Não vejo muita graça em comparar animais ou plantas e seres humanos. Cada um tem a sua especificidade, a sua originalidade, um jeito próprio de ser e existir. Acreditar que o que acontece com eles pode acontecer conosco é um tanto forçado, em todo caso... La Fontaine e Esopo que me perdoem.
Acontece que no meu jardim, nos últimos tempos, tenho observado a ação de umas formigas que não param de cortar as plantas. Já tentei conversar com elas, me explicar, convencê-las de que não devem cortar as flores do meu jardim, mas não adiantou, elas continuam cortando.
Até entendo que se não fosse esse seu gesto, esse seu modo de trabalhar, elas não sobreviveriam, afinal, todo mundo precisa comer. Aí vem outro problema: elas comem tudo, comem demais, querem rapar tudo, são insaciáveis! Não descansam enquanto não depilam uma ou duas arvorezinhas por completo.
Pensei em agir de modo radical. Iria numa loja de produtos agropecuários, compraria, com a devida receita agronômica, um tanto bom de veneno e acabaria de vez com todas as formigas. Pensando bem, resolvi deixar essa atitude de lado, o veneno poderia até me intoxicar, poderia contaminar meu jardim. Melhor seria buscar outra estratégia.
Outro dia pensei em arranjar umas cigarras e pedir a elas que cantassem para distrair as formigas, mas me lembrei que essas duas espécies não são muito amigas. Formigas gostam de cortar folhas, cigarras de cantar e, no passado, as formigas deixaram as cigarras padecerem de fome e frio no inverno.

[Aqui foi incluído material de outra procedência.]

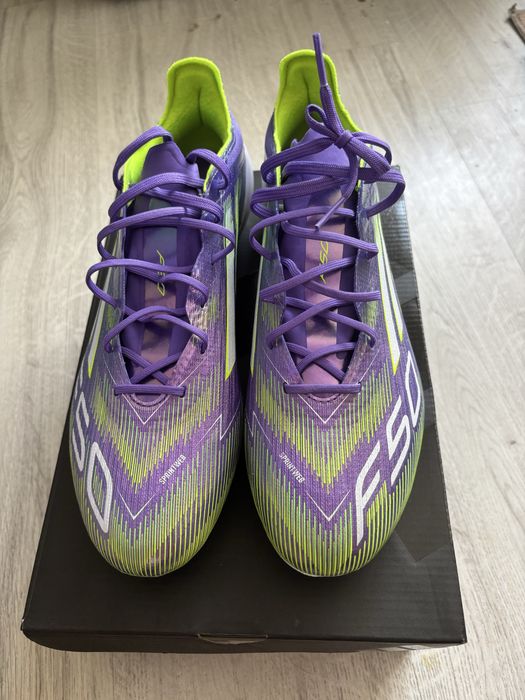 Продавам бутонки Adidas F50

Sei que, talvez, a culpa não seja das formigas, pois fomos nós que alteramos seu habitat e, a partir do desequilíbrio causado por nós mesmos, elas aumentaram muito. Seus predadores naturais, que poderiam ao menos controlar seu apetite, desapareceram, porque nós também os destruímos. Na verdade, não culpo todos os seres humanos, seria injusto da minha parte, pois nem todos são responsáveis pela degradação ambiental, nem todos são poluidores ou esbulhadores do patrimônio ambiental que, afinal, é de toda a humanidade.
Alguns são responsáveis, e muito pela destruição ambiental. Por um motivo ou outro, a mando de alguém ou visando seus próprios interesses, algumas pessoas põem fogo onde não devem, despejam resíduos tóxicos em rios limpos, jogam esgotos, ou deixam que joguem, em mares, lagos e córregos. Usam e abusam de produtos tóxicos, venenos, aditivos proibidos, não respeitam carências, mentem a esse respeito, burlam a legislação. Os atingidos nem sempre têm sequer o direito, ou o tempo, de se defenderem. Crianças e idosos, geralmente os mais frágeis, sofrem com a ganância e a fome de lucros de uns poucos. Aqueles que acobertam ou não fiscalizam são, de certo modo, cúmplices.
Enquanto isso, as formigas não desistem do meu jardim. Não sei se elas próprias sabem que, talvez, até elas fiquem sem ter o que comer no futuro. Se minhas arvorezinhas morrerem, não sei se planto outras.
Pensei nessa história toda por causa de uma declaração que vi num jornal. Um governador disse: “Não podemos abrir mão de nosso desenvolvimento. Hoje, de 25% a 28% de nossa área estão sendo utilizados para a agricultura ou para a pecuária. Podemos chegar até o percentual de 40% e iremos fazer isso”. (Jornal da Ciência, 6/08/04). O governador se colocava contra a proposta da SBPC de uma moratória no desmatamento da Amazônia. Proposta que não foi bem recebida por ele.
Aí me lembrei das fábulas. E me lembrei também daquela sobre os sócios do leão, que vou contar a seguir. Dizem que, há muitos anos, uma ovelha, uma cabra e um leão tornaram-se sócios. Um veado caiu numa armadilha da cabra e eles quiseram fazer a partilha da presa. O leão logo partiu a caça em quatro partes e disse: — eu fico com a primeira porque sou o rei, pego a segunda por direito, tomo a terceira por ser dos três o mais valente e, se alguém quiser a quarta, acabo com ele.
2 comentários:
Veia infantil a flor da pele.
Gostei. Sabe que vc está em crescimento?
Ótimo texto Renato!
Sabe que às vezes sinto que nós é quem somos as formigas? E o irônico é que o veneno que pode nos matar é produzido por nós mesmos.